Kariyerimde en çok kendimi geliştirme merakımın etkisini deneyimledim ancak gerçekte aşağıdakilerin hepsinin etkisi var ve iç içe.
Siz? Kariyer yönetiminde en çok hangisinin etkisini deneyimlediniz?
- Ne istediğimizi bilmek
- Yetkinliklerimiz
- Mülakat becerilerimiz
- Özgeçmişimiz
- İş arama yöntemleri bilgimiz
- Geçmiş davranışlarımız
- Kendimizi geliştirme merakımız
- İş ilişkilerimiz
- Bilgi ve becerilerimiz
- Geri bildirime açıklığımız
- Hepsi!
Her seferinde hikayemi yeniden yazdım ve yazmaya devam ediyorum. Gayretim her zaman bulunduğum ortama değer katabilmek olmuştur.

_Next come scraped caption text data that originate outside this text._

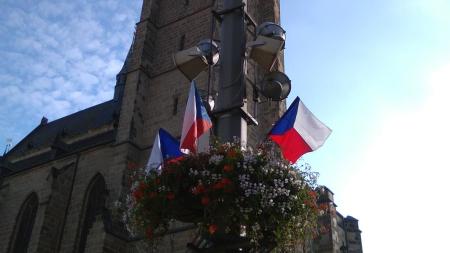 Na oslavy vzniku Československa chystá Plzeň pestrou nabídku akcí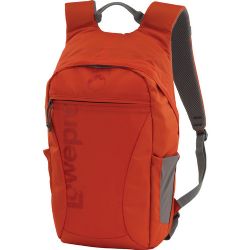 Lowepro Photo Hatchback 16L AW Backpack (Pepper Red)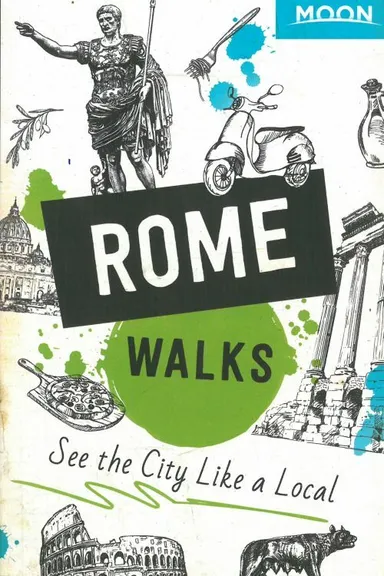 Rome Walks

Kariyer başarıma etki eden kişisel farkındalığım, bitmeyen merakım, kimseler bu kadar konuşmazken 2005 yıllarında aldığım duygusal zeka eğitimlerim, hedef belirleme motivasyonum, nitelikli iş bilgim etkili olmuştur.
Hikayelerimi sansürsüz anlatabiliyorum. Bedenimi ve ruhumu dinleyebiliyorum. Ben zamanlarım var ve kıymetli. İyi ki hep kalbimle beynim paralel çalışıyor…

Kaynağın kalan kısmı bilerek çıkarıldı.